Die Paarung der Massen von Eintagsfliegen findet in der Luft statt und dauert nur wenige Sekunden. Die Männchen klammern sich dabei an den Weibchen mit ihren Hinterleibszangen fest.
Tote männliche Eintagsfliegen sorgen für glatte Straßen
Problematisch ist dabei nicht der Fliegensex selbst, sondern was unmittelbar danach passiert: Die männlichen Fliegen sterben und fallen auf den Boden. Brücken und Straßen sind dann mit einer dicken Schicht aus toten Insekten bedeckt.
Die toten Eintagsfliegen bilden einen schmierigen Film, der die Fahrbahn glatt werden lässt. Diese Schicht kann bis zu zehn Zentimeter dick sein. Das ist für Auto- und Fahrradfahrer gefährlich.
"Und die hauen sich dann derart die Bäuche mit Eintagsfliegen voll, dass nach Aussagen der örtlichen Angelvereine, die Angler, die nächsten vierzehn Tage, nicht die Spur einer Chance haben einen Fisch zu fangen."

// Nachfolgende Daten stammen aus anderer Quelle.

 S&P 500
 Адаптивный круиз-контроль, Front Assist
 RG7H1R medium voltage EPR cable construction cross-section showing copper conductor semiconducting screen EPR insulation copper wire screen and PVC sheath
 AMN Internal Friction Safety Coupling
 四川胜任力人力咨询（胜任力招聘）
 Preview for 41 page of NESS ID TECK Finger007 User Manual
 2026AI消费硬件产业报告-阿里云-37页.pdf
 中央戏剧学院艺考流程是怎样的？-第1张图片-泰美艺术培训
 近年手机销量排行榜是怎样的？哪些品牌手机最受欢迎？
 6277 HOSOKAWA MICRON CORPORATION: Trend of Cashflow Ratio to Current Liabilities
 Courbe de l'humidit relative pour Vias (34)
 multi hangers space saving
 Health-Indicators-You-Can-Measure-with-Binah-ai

Damit es zu keinen Unfällen kommt, werden Brücken und Straßen zum Teil gesperrt. Die toten Insekten werden mit Schaufeln abgetragen und in die Naab geworfen – die Fische freuen sich. Laut Mario Ludwig haben die Fische durch die Eintagsfliegen so viel zusätzliches Fressen zur Verfügung, dass die Angler der Region im August fast keine Chance auf einen Fang haben. Die Fische sind einfach zu satt, um anzubeißen.
Halogenstrahler sollen Eintagsfliegen von Brücken der Naab fernhalten
Wissenschaftler glauben, dass die Naab besonders attraktiv für die Eintagsfliegen ist, weil ihr Wasser nur wenig belastet und der feinkiesige Gewässergrund besonders günstig für die Entwicklung der Eintagsfliegenlarven ist.
Damit wenigstens die Brücken der Naab nicht mehr betroffen sind, haben Gemeinden wie Schwarzenfeld und Schwandorf unterhalb ihrer Brücken Halogenstrahler angebracht. Die Strahler haben mehrere 1.000 Watt und sitzen in etwa drei Meter Höhe unterhalb der Brücken. Sie sollen die Eintagsfliegen unter die Brücke locken, damit die Männchen nach dem Massensex direkt in den Fluss fallen.
Die erwachsene Eintagsfliege soll sich nur fortpflanzen
Die männlichen Eintagsfliegen sterben nach dem Sex – aber für die Weibchen geht das Leben noch kurz weiter. Bevor auch sie sterben, legen sie ihre befruchteten Eier im Wasser ab – oder lassen sie vielmehr im Flug ins Wasser fallen. Das machen die Weibchen so lange, bis sie vor Erschöpfung sterben.
Das kurze Leben von erwachsenen Eintagsfliegen ist komplett darauf ausgerichtet, sich fortzupflanzen. Die erwachsenen Insekten können nicht einmal fressen: ihre Mundwerkzeuge sind verkümmert, ihr Darm ist nicht mehr zur Nahrungsaufnahme geeignet. Das gilt in diesem Fall allerdings nur für die geschlüpften, erwachsenen Exemplare: Die Larven der Eintagsfliege verbringen vorher zum Teil mehrere Jahre als Larve in Flüssen, Seen oder Bächen. Dort leben sie meist versteckt unter Steinen oder Pflanzen oder im Schlamm eingegraben.
Weltweit sind über 3.000 Arten von Eintagsfliegen bekannt, schätzt Mario Ludwig. Je nach Art leben die erwachsenen Eintagsfliegen mal nur ein paar Minuten, einen Tag oder eine ganze Woche.